─── SOURCE INFORMATION ───

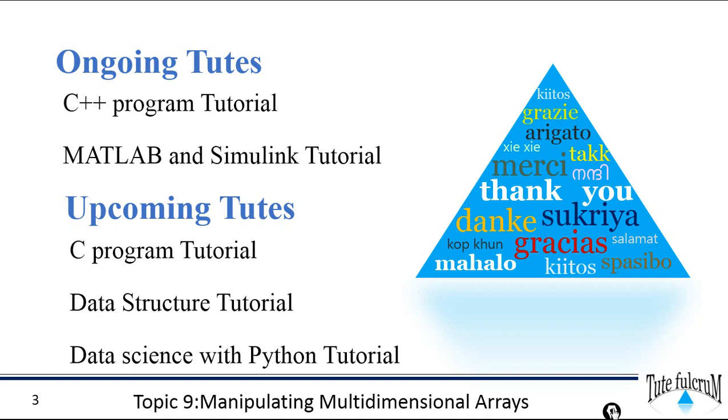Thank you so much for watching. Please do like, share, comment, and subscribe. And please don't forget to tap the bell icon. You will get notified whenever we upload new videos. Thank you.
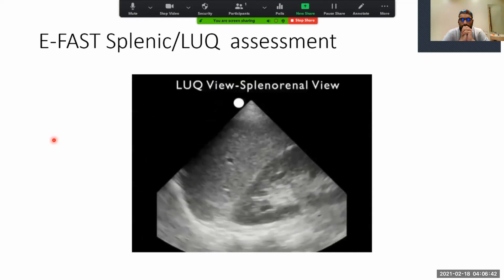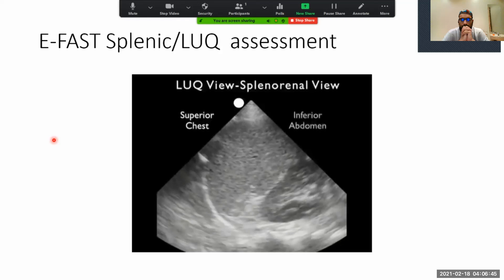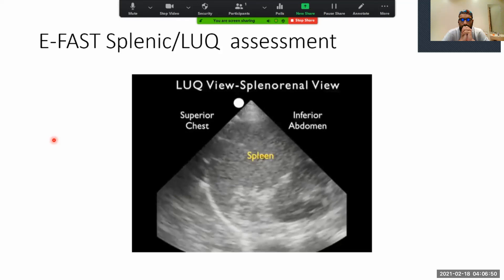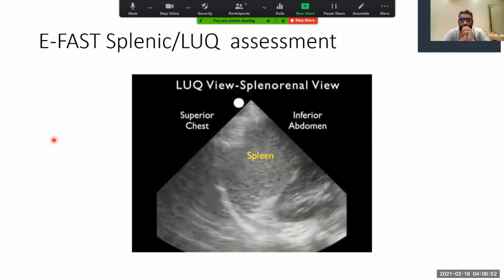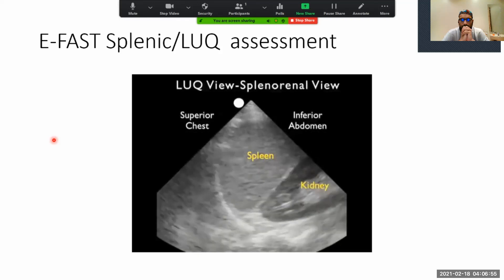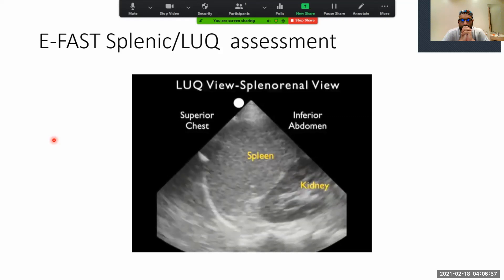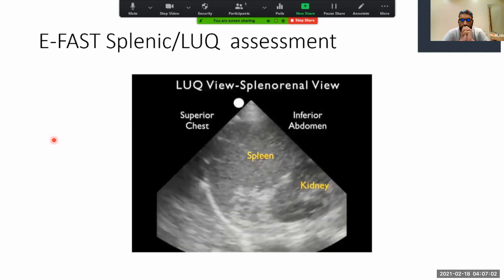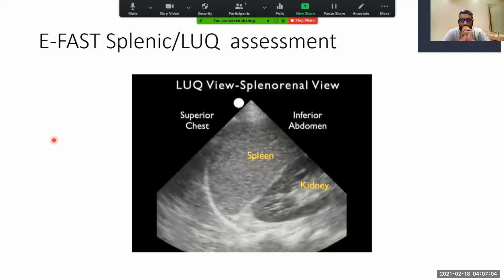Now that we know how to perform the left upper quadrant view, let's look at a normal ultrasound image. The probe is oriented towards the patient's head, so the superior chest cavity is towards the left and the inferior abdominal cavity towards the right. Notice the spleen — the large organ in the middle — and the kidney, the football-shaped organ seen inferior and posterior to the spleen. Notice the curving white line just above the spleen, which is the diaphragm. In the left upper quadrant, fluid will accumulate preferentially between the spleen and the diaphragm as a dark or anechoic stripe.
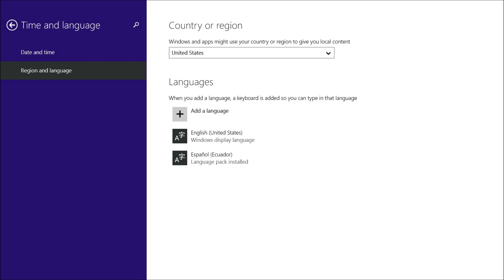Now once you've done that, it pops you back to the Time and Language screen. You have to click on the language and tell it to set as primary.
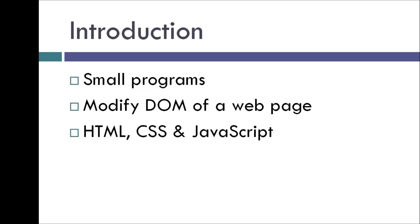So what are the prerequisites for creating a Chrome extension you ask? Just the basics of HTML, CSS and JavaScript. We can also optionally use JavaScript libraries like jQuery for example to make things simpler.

───
─── SOURCE INFORMATION ───

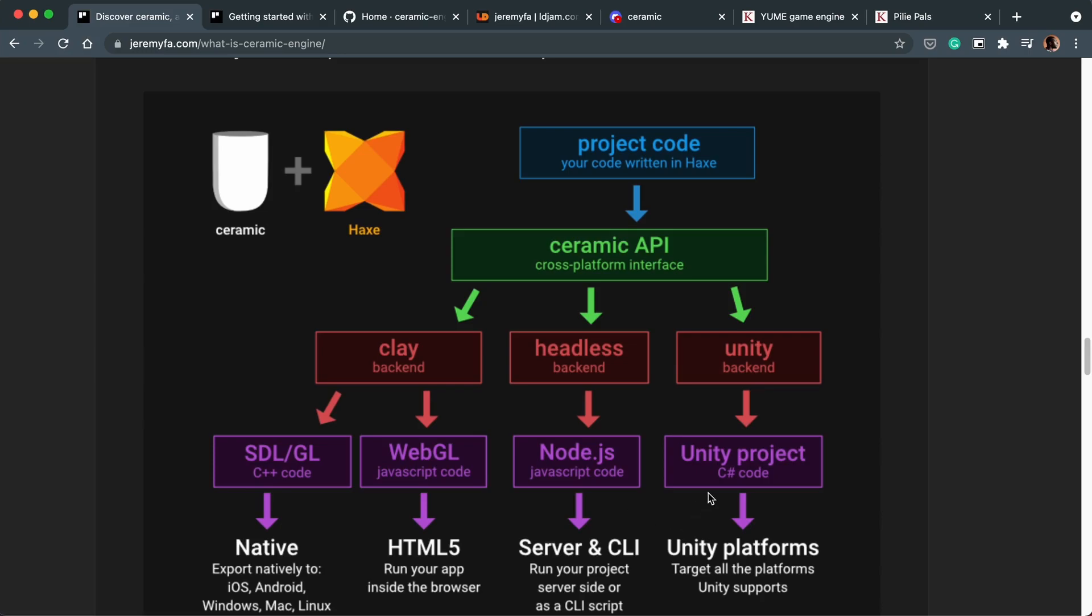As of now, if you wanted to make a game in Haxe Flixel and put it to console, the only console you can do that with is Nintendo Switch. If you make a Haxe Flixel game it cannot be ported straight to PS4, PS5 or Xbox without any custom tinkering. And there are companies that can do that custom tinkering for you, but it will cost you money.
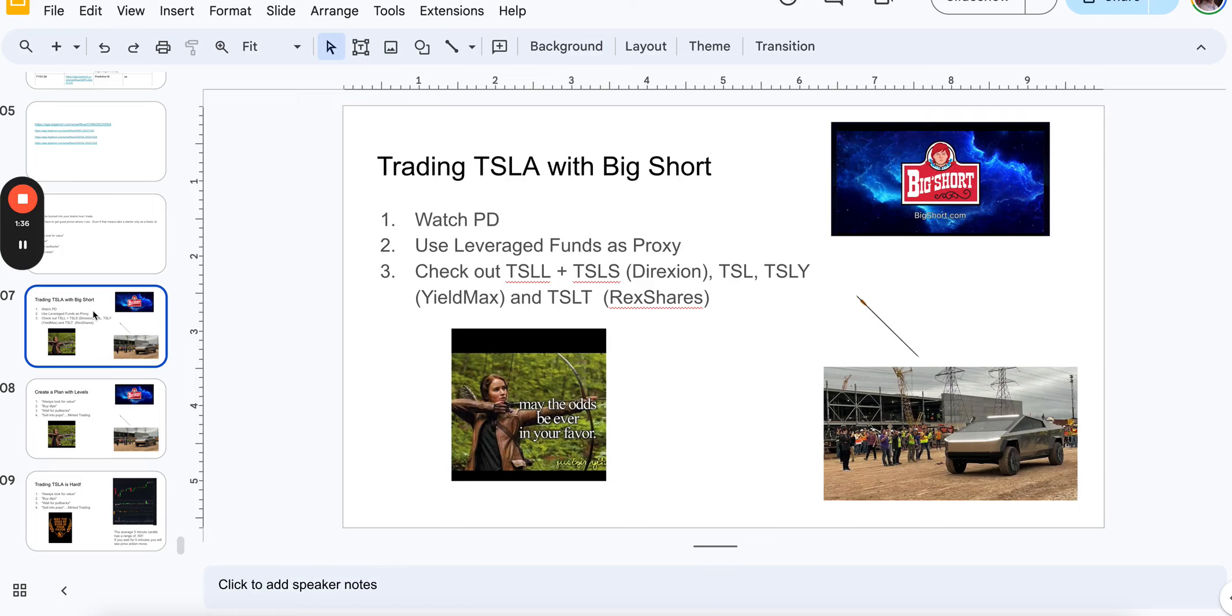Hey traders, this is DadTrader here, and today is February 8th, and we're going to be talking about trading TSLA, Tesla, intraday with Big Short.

───
─── SOURCE INFORMATION ───

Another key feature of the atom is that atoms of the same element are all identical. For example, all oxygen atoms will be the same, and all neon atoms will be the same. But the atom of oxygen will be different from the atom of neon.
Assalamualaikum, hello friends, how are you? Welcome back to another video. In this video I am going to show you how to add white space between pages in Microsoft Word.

───

- **EXERCISE**
Each line above that falls between the line with "Thank you so" and the line with "So what are" should be printed exactly, together with those two lines, but the pictures should not.

- **ANSWER SPACE**
Thank you so much for watching. Please do like, share, comment, and subscribe. And please don't forget to tap the bell icon. You will get notified whenever we upload new videos. Thank you.
Now that we know how to perform the left upper quadrant view, let's look at a normal ultrasound image. The probe is oriented towards the patient's head, so the superior chest cavity is towards the left and the inferior abdominal cavity towards the right. Notice the spleen — the large organ in the middle — and the kidney, the football-shaped organ seen inferior and posterior to the spleen. Notice the curving white line just above the spleen, which is the diaphragm. In the left upper quadrant, fluid will accumulate preferentially between the spleen and the diaphragm as a dark or anechoic stripe.
Now once you've done that, it pops you back to the Time and Language screen. You have to click on the language and tell it to set as primary.
So what are the prerequisites for creating a Chrome extension you ask? Just the basics of HTML, CSS and JavaScript. We can also optionally use JavaScript libraries like jQuery for example to make things simpler.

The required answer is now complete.